Print each entry below precisely as shown.

**Supplied records:**
============
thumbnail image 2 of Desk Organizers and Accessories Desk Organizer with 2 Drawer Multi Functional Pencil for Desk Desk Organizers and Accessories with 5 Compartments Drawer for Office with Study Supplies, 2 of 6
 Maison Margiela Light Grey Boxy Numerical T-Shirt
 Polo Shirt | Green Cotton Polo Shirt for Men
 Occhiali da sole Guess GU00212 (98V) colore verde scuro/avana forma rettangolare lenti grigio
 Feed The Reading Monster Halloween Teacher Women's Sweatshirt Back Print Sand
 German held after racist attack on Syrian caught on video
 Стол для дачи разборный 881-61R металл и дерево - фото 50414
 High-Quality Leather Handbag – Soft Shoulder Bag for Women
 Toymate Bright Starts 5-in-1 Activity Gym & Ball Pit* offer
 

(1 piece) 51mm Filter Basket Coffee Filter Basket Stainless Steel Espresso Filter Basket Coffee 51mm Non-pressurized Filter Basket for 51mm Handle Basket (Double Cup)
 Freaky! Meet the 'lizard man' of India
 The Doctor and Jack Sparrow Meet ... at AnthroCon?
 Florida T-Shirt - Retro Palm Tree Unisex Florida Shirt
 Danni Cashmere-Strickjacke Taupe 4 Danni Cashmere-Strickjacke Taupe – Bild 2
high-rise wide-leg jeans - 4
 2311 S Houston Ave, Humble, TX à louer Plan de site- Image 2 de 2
============
**Solution to this exercise:**
thumbnail image 2 of Desk Organizers and Accessories Desk Organizer with 2 Drawer Multi Functional Pencil for Desk Desk Organizers and Accessories with 5 Compartments Drawer for Office with Study Supplies, 2 of 6
 Maison Margiela Light Grey Boxy Numerical T-Shirt
 Polo Shirt | Green Cotton Polo Shirt for Men
 Occhiali da sole Guess GU00212 (98V) colore verde scuro/avana forma rettangolare lenti grigio
 Feed The Reading Monster Halloween Teacher Women's Sweatshirt Back Print Sand
 German held after racist attack on Syrian caught on video
 Стол для дачи разборный 881-61R металл и дерево - фото 50414
 High-Quality Leather Handbag – Soft Shoulder Bag for Women
 Toymate Bright Starts 5-in-1 Activity Gym & Ball Pit* offer
 

(1 piece) 51mm Filter Basket Coffee Filter Basket Stainless Steel Espresso Filter Basket Coffee 51mm Non-pressurized Filter Basket for 51mm Handle Basket (Double Cup)
 Freaky! Meet the 'lizard man' of India
 The Doctor and Jack Sparrow Meet ... at AnthroCon?
 Florida T-Shirt - Retro Palm Tree Unisex Florida Shirt
 Danni Cashmere-Strickjacke Taupe 4 Danni Cashmere-Strickjacke Taupe – Bild 2
high-rise wide-leg jeans - 4
 2311 S Houston Ave, Humble, TX à louer Plan de site- Image 2 de 2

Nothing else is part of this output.